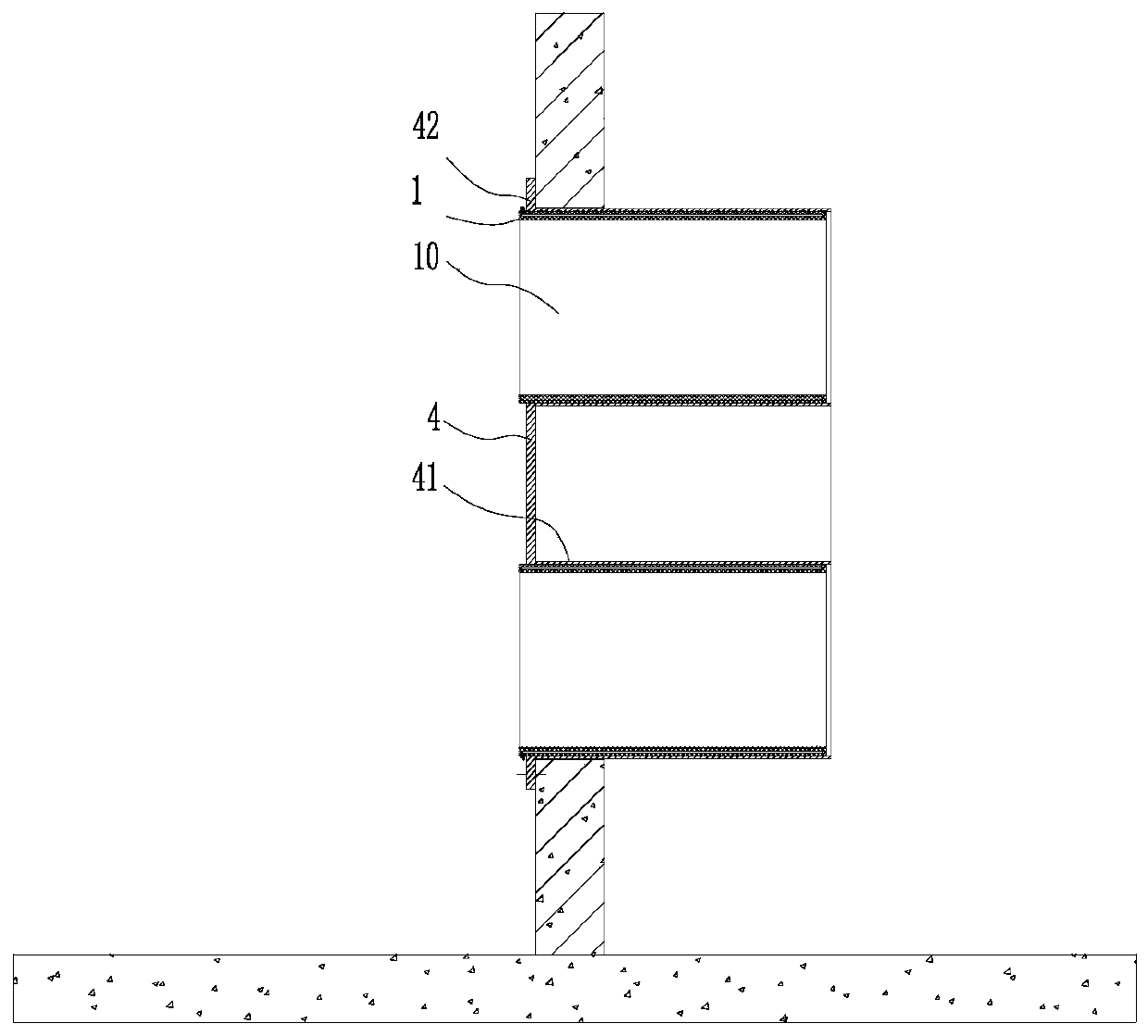 Combined type cut-off device and pipeline equipped with same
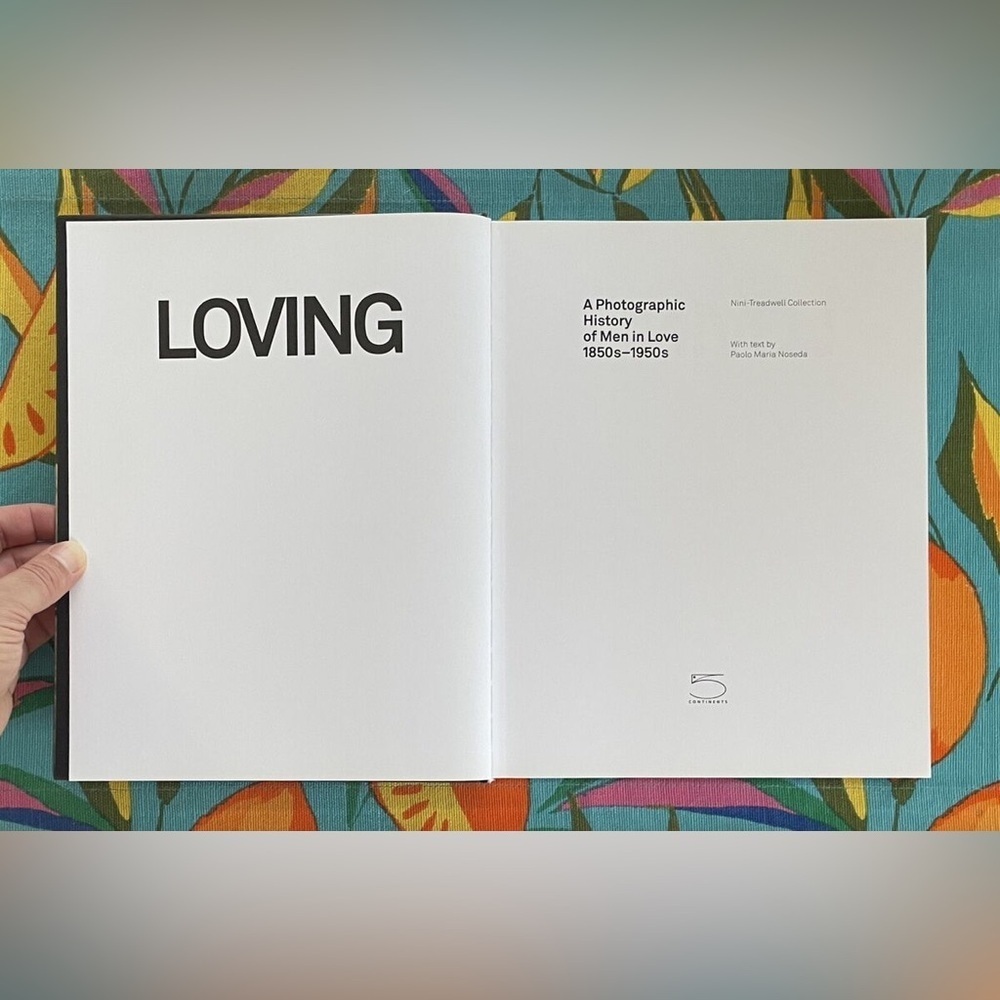 VINTAGE PRIDE Loving: A Photographic History of Men in Love 1850s-1950s Book - Picture 2 of 8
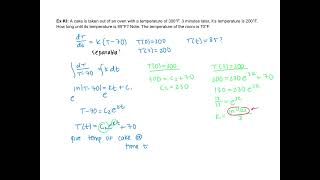 Diff Eq 3.1 Notes: Linear Models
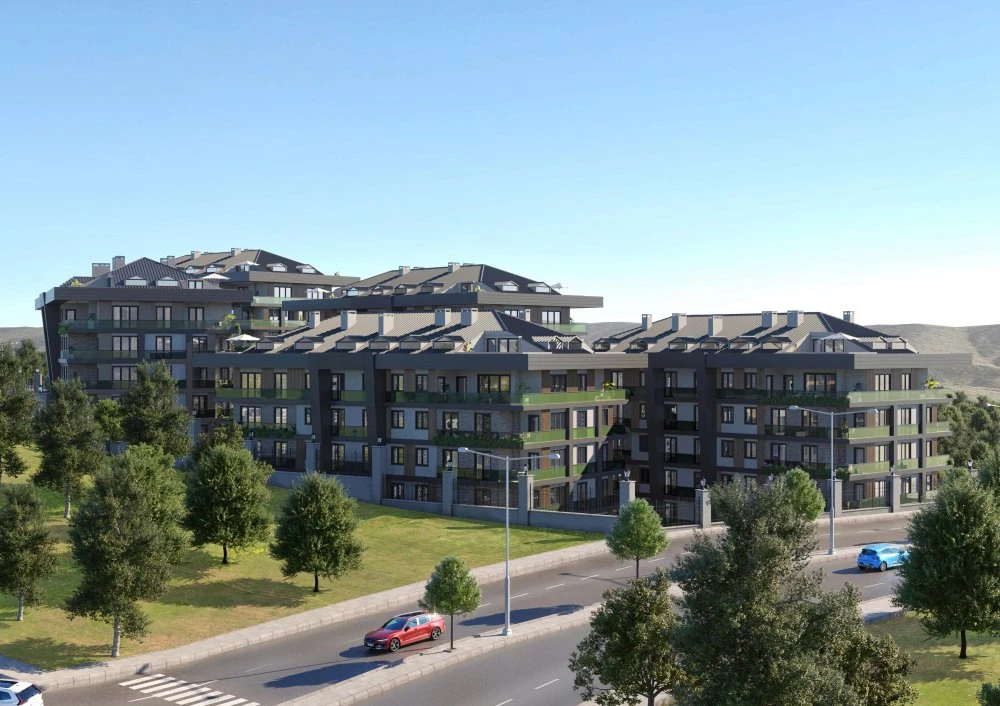 Новая резиденция с бассейном и детскими площадками в центре Стамбула, Турция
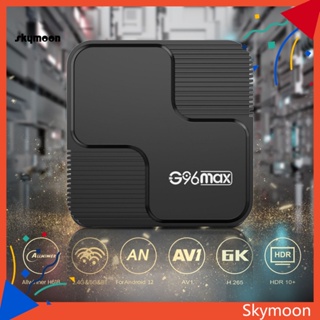 Skym* ชุดกล่องรับสัญญาณทีวี 16 32 64GB G96Max H618 6K HD Quad Core Allwinner H618 Dual WiFi ส่งสัญญาณไว เสถียร สําหรับ Android 120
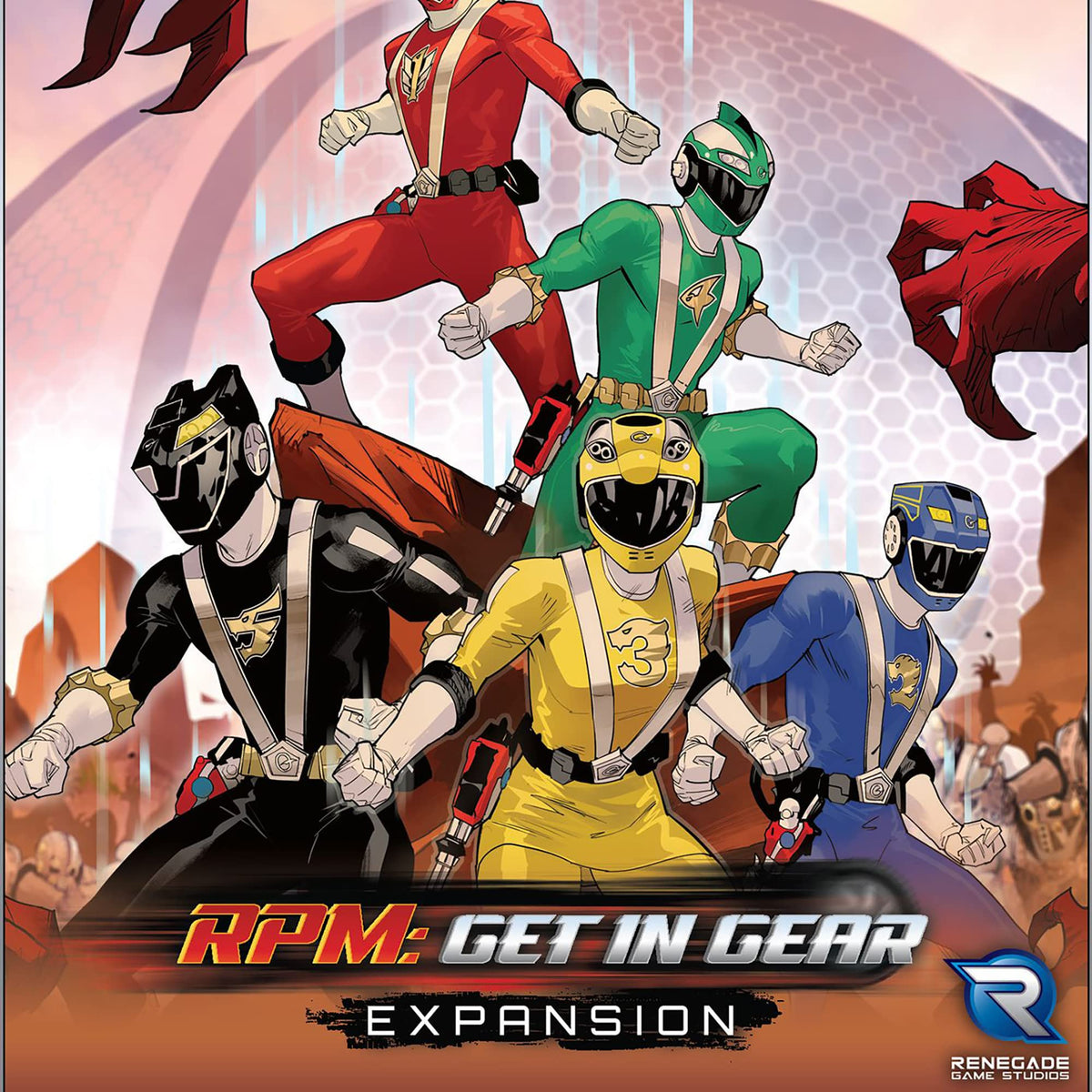 Renegade Game Studios Power Rangers RPM Expansion - Deck-Building Game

What you will do: Give the entries again, exactly and in full, with no image included.

Output for this task:
 Combined type cut-off device and pipeline equipped with same
 VINTAGE PRIDE Loving: A Photographic History of Men in Love 1850s-1950s Book - Picture 2 of 8
 Diff Eq 3.1 Notes: Linear Models
 Новая резиденция с бассейном и детскими площадками в центре Стамбула, Турция
 Skym* ชุดกล่องรับสัญญาณทีวี 16 32 64GB G96Max H618 6K HD Quad Core Allwinner H618 Dual WiFi ส่งสัญญาณไว เสถียร สําหรับ Android 120
 Renegade Game Studios Power Rangers RPM Expansion - Deck-Building Game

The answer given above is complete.